Retype, word for word, the line holding "[Hungarian Parliament Type" and each line after it down to the end of the data; pictures are not copied.

══ EXERCISE MATERIAL ══

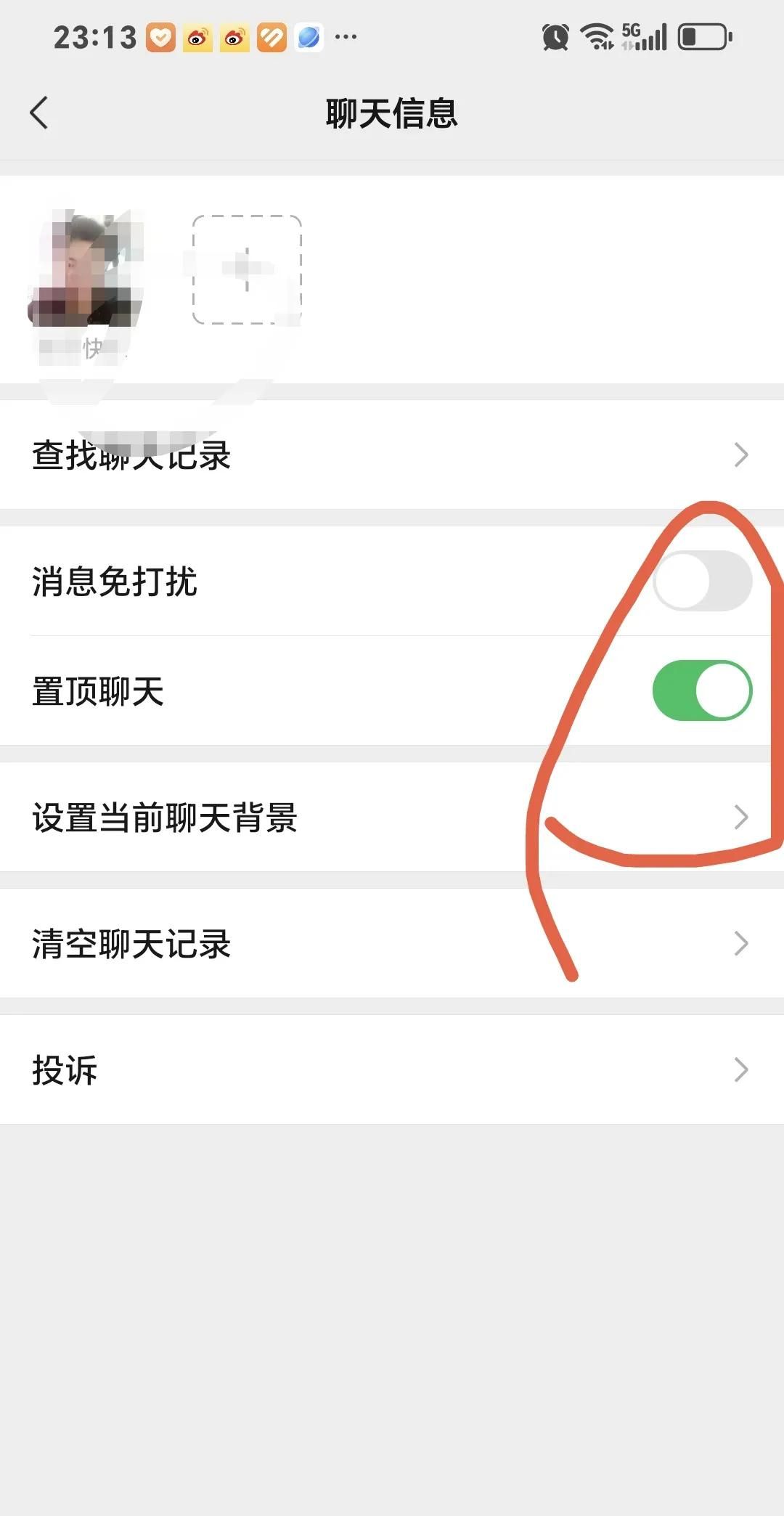 微信隐藏自己功能有多好用?99%的人可能都不知道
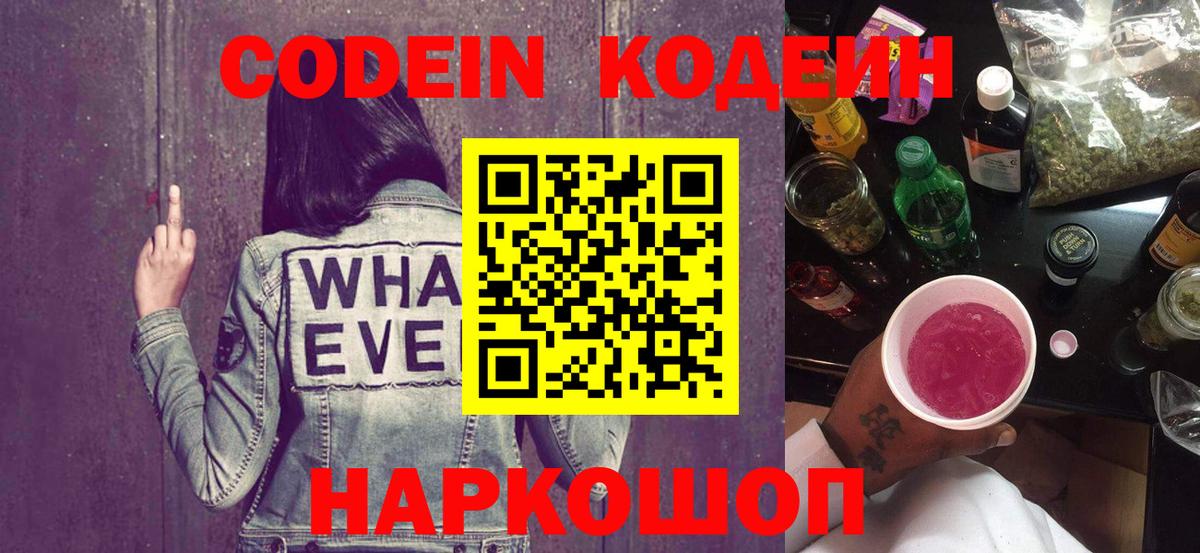 Кодеиновый сироп Lean Purple Drank  Кодеин напиток Lean (лин)  Сальск  Вход с VPN 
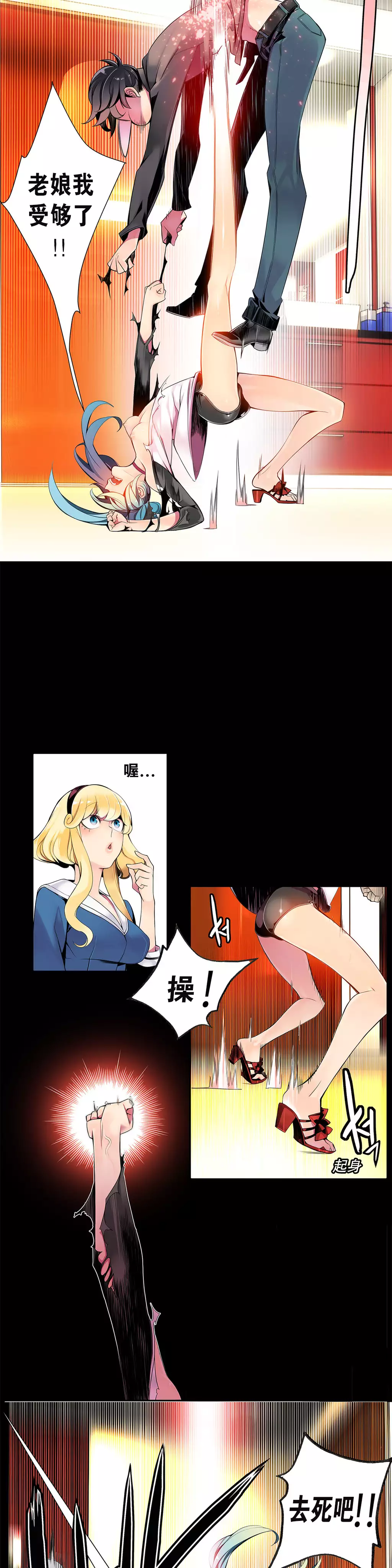 莉莉丝的脐带 Ch.1-29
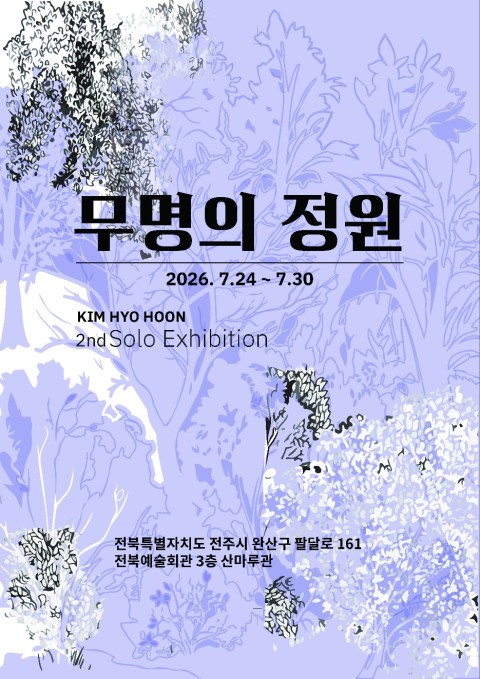 김효훈 개인전 《무명의 정원》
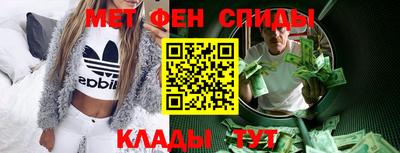 прущие грибы Старая Купавна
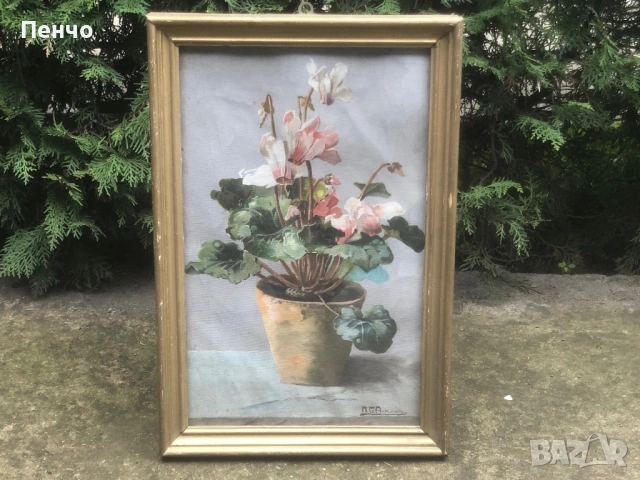 стара българска картина на П.С.Антоновъ, снимка 10 - Антикварни и старинни предмети - 51839087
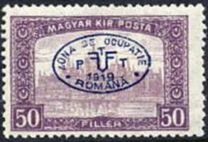 [Hungarian Parliament Type Stamps of 1917 Overprinted, 类型 K]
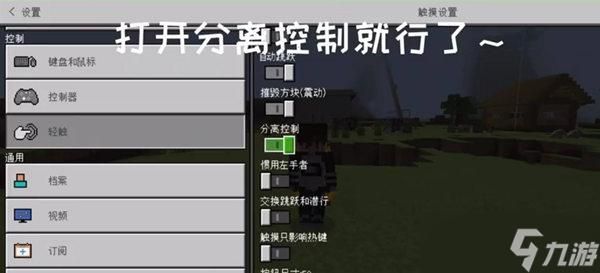 我的世界准星瞄准怎么关？（我的世界瞄准在哪里关）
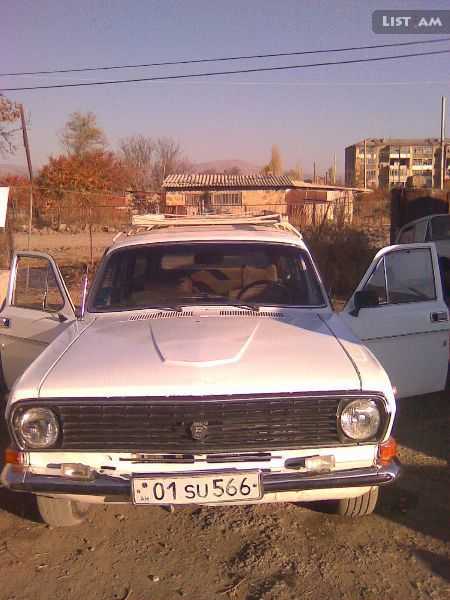 Vacharvum e Gaz 24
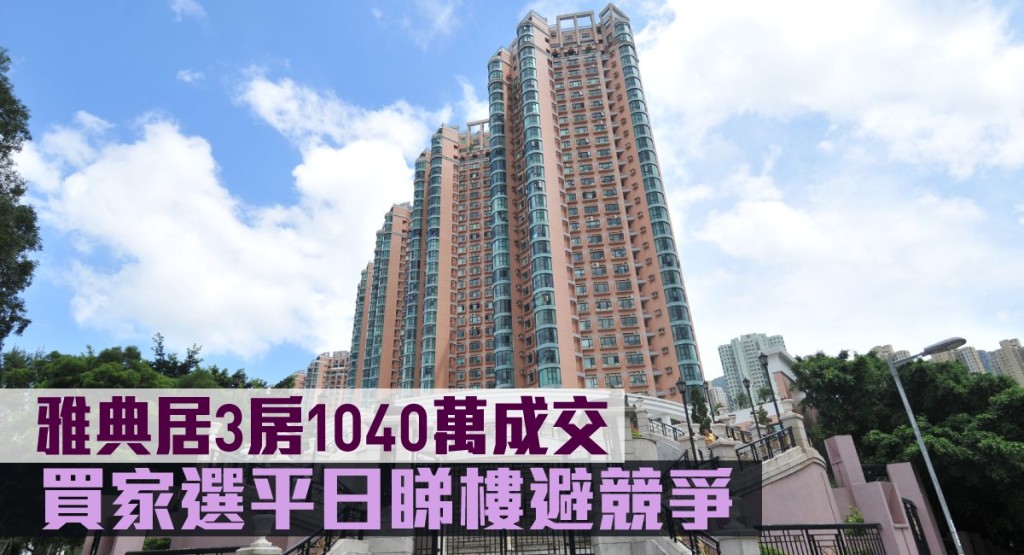 雅典居3房1040萬成交。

═══

ANSWER BOX –
 [Hungarian Parliament Type Stamps of 1917 Overprinted, 类型 K]
 我的世界准星瞄准怎么关？（我的世界瞄准在哪里关）
 Vacharvum e Gaz 24
 雅典居3房1040萬成交。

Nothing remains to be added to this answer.